But he never finishes his sentence.
Because a blinding shot of Tommy and Rose’s lightning cuts right through him.
RIGHT-HAND
ALEX
My focus should be trained on McEvoy’s gun, which is aimed at the goon who’s kneeling on the side of the Jefferson Davis Highway, but I can’t stop thinking about Joan. I replay the two of us at the Den together in the hall yesterday evening, surrounded by my magic, hidden together inside that gazebo without another care in the world. Birds chirping, a magic sun shining on her raven hair, her laughter and relief that I helped coax right out of her. I picture us a motion picture, black and white. I run the reel again in my mind, and then watch it once more in color.

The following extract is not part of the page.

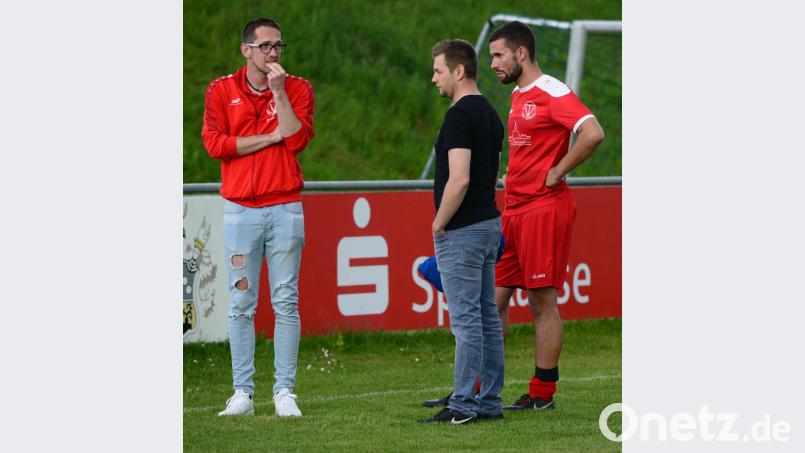 Kapitän Patrick Greindl (rechts) und seine Nabburger haben die Niederlage gegen Rötz aufgearbeitet. Am Donnerstag geht es in Schwandorf gegen den SV Alten- und Neuenschwand. Bild: ham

I want her. And not in the way I’ve “wanted” other women before, when I know I have them—when I’ve gotten some vague sort of satisfaction as their eyes reflect interest, then fascination, then hunger. Joan’s different. She’s easy and tough in all the right ways. Smart. Beautiful.
In a strange way, I almost find myself needing to see her. Not just her, I guess, but the way she sees me—as someone to know, maybe even someone to trust. After my blowup with Howie, working around the clock on the street at McEvoy’s side, I sometimes feel less than human. I’m so far in, so committed to playing this figment-gangster Alex Danfrey, that I’m starting to feel like a manipulation myself.
“Alex,” McEvoy snaps. “Where the hell are you right now?”
“Right here, sir.” I banish the daydreams away, the spell Joan’s starting to have on me, and focus back on the sad thug McEvoy’s got at gunpoint on the side of the road.
“Your story doesn’t add up, friend.” McEvoy bends down, so that he’s eye-to-eye with John, some low-level gambling bookie for the Shaws, and the latest object of McEvoy’s wrath. “If Sullivan forced you to tell our contacts the wrong winner, that means Sullivan is lying to me.” McEvoy smiles a wide, taunting smile. “Do you think my underboss would lie to me, John?”
John is shivering, convulsing, and I have to look away. Traffic whizzes by on both sides, the Jefferson Davis Highway bumper-to-bumper with weekday traffic coming in and out of the city, but no one will spot us. From either side of the road, we’re protected by my sorcered walls. The passing cars see nothing but a thin grass shoulder.
“Don’t have all day, John—”
“No, sir, I mean, I don’t know, sir.” John gasps for air. “I just do what Mr. Sullivan tells me. He was the one who heard the sorcerer’s forecast about the horses, and I passed on what he told me to the list of Shaw clientele.”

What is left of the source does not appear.